Suggestion for Haskell-2 library module Random.
Haskell-98 declares
--------------------------------------------------------------------
class Random a where randomR :: RandomGen g => (a, a) -> g -> (a, g)
...
...
instance Random Int where ...
instance Random Integer where ...
...
* randomR takes a range (lo,hi) and a random number generator g, and
returns a random value
> uniformly distributed in the closed interval [lo,hi],
together with a new generator.
> It is unspecified what happens if lo > hi.
...
---------------------------------------------------------------------
- here i re-formatted the text and marked two lines with `>'.
I suggest to change this ">" part to
-- (h2) ----------------------------------------------------------
...
"uniformly distributed" in the "closed interval" [lo,hi],
together with a new generator.
It is required randomR (lo,hi) g == randomR (hi,lo) g
to hold for each g.
"Uniformly distributed" means the usual notion for the "numeric"
types Integer,Float,... - as well as for finite ones Bool,Char...
Defining the Random instance for other types
(say, T = (Random a, Random b) => (a,b) ),
the programmer has to rely on one's own understanding of
"uniform distribution" in domain T.
Similar is the notion "closed interval [lo,hi]".
For Integer, Float, ..., it is standard.
For other domains T, maybe even not supplied with ordering, it
means some subset in T defined by lo, hi :: T,
this subset specification is on the programmer.
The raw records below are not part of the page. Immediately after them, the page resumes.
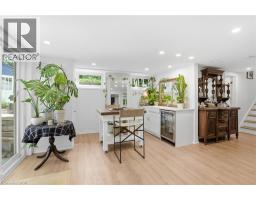 2 Jameson Drive, Flamborough, ON L9H5A2 Photo 31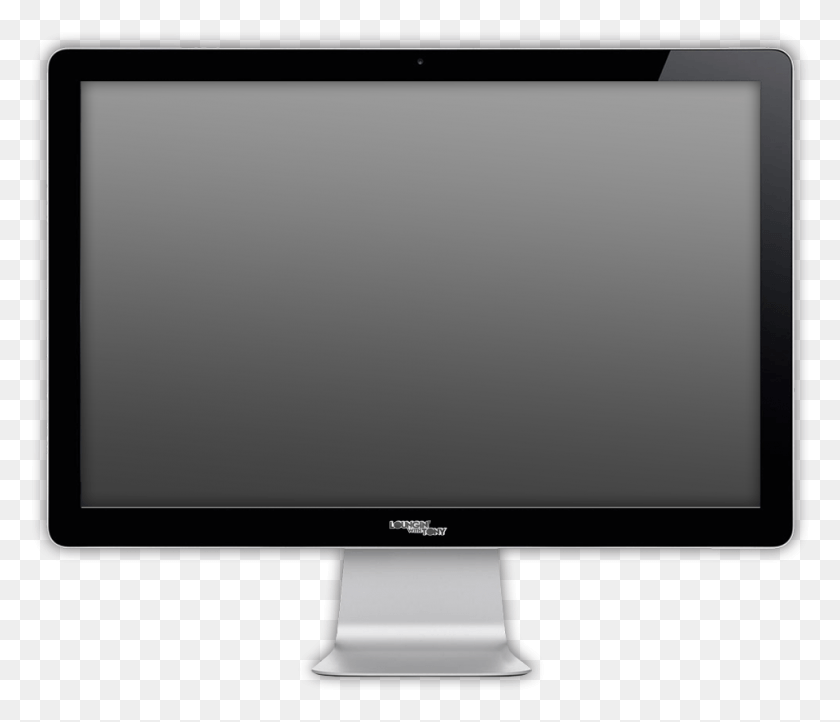 959x814 Monitor Image Computer Monitor Transparent Background, Lcd Screen, Screen, Electronics Descargar Hd Png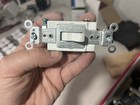 20a Devices Used For 1 Week  No Returns 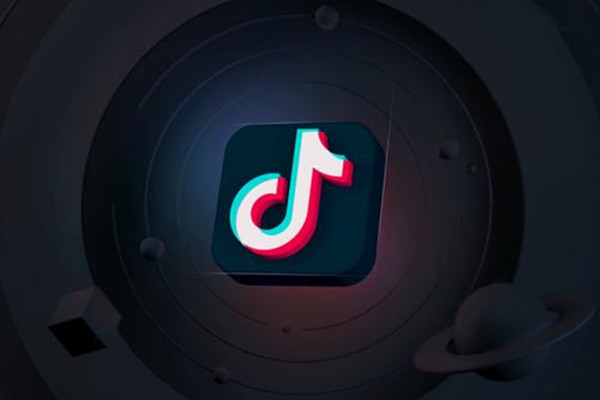 抖音老号养号技巧一般都有哪些?注意事项是什么?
----------------------------------------------------------------
I do not insist on this formulation literally.
This is only the idea.
Reason:
the programmer could define, for example,
instance (Random a, Random b) => Random (a,b) --instance (p)
where
randomR ((l,l'),(h,h')) g = case randomR (l,h) g of
(a,g') -> case randomR (l',h') g' of (b,g'') -> ((a,b),g'')
Then, the obstacles arise:
(1) what does might mean "closed interval [lo,hi]" in (a,b) ?
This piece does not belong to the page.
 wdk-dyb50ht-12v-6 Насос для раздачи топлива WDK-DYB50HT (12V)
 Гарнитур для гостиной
(2) applying instance (p) to, say, (Int,Int)
may cause evaluation of randomR (l,h) g with l > h :: Int.
The above suggestion (h2) provides some explanation for this.
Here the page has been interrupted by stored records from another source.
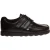 Kickers Fragma Strap Schoenen
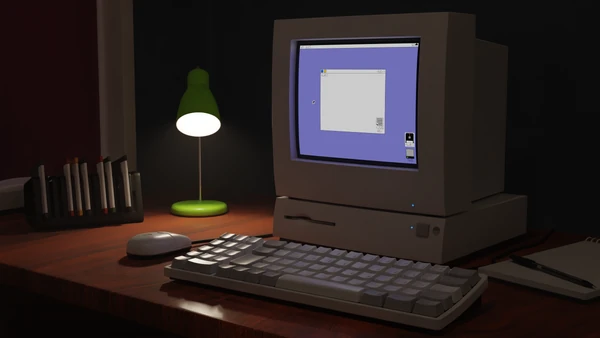 Maya Computer | Atlas Archives, The Aldmis Wikia | Fandom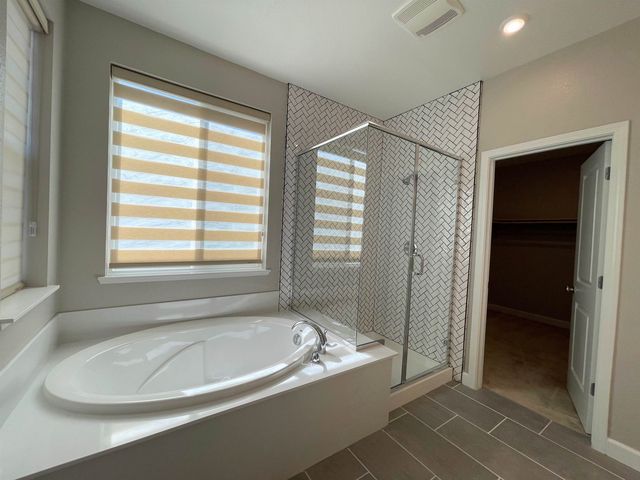 1887 Orfanos Ranch Dr, Brentwood, CA 94513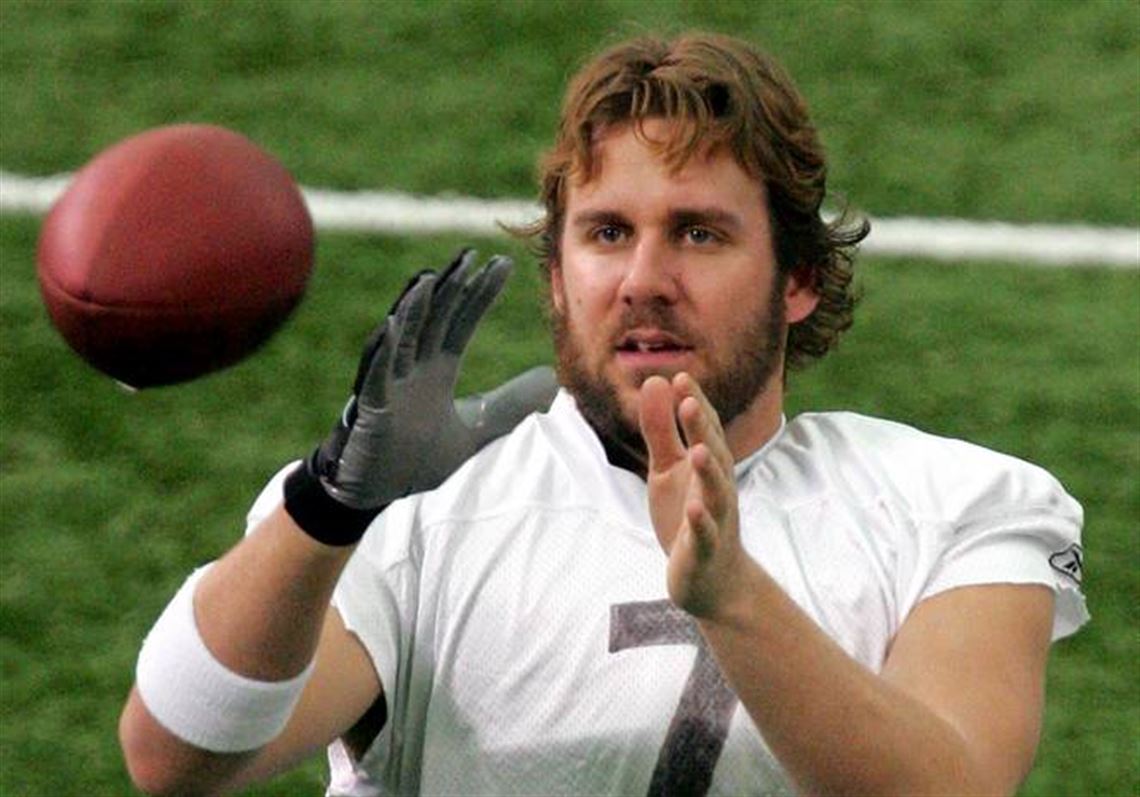 ben roethlisberger super bowl 2006 0012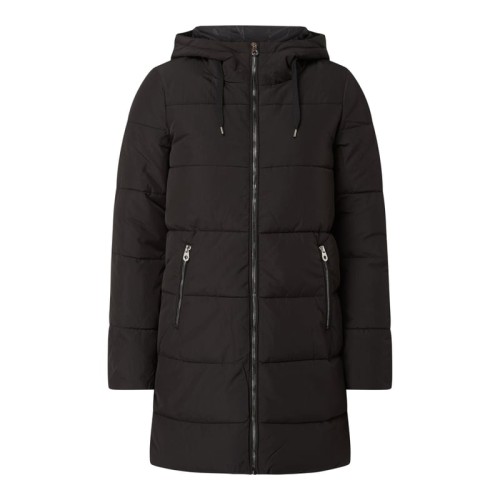 ba5790cd2231eadbdbc9ffcf1ac6d3f1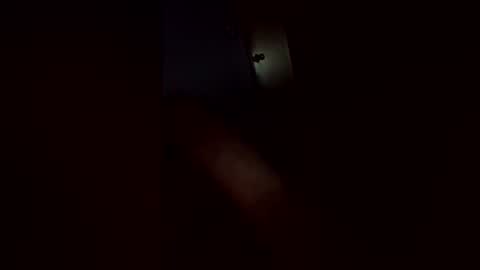 Snapshot of juliog31313 chatting on 23, 3, 2026 Bender ova online show from 23, 3, 2026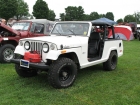 pajeeps2012_0839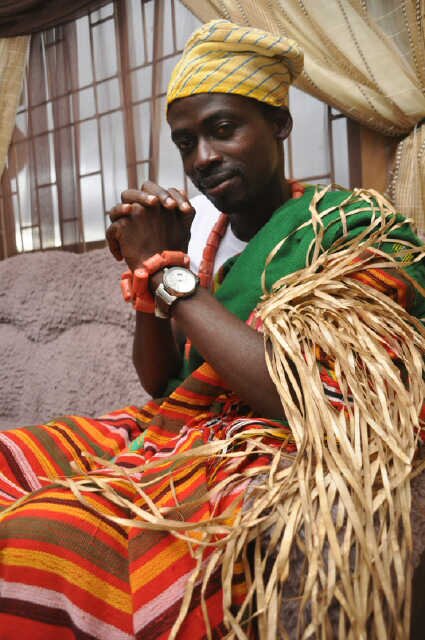 jeffho78's profile picture. Blessed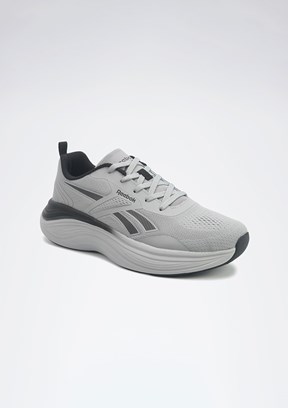 REEBOK Gri Erkek Raiford Gulf Koşu Ayakkabısı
Personally, my aim was to provide random polynomials f :: P a
over various coefficient domains `a', for the need of testing of
some functions. And the format
randomR (polynomial1,polynomial2) g
derived from what Haskell-98 Random provides, looks useful to
define random values inside various subsets of P a.
------------------
Sergey Mechveliani
[EMAIL PROTECTED]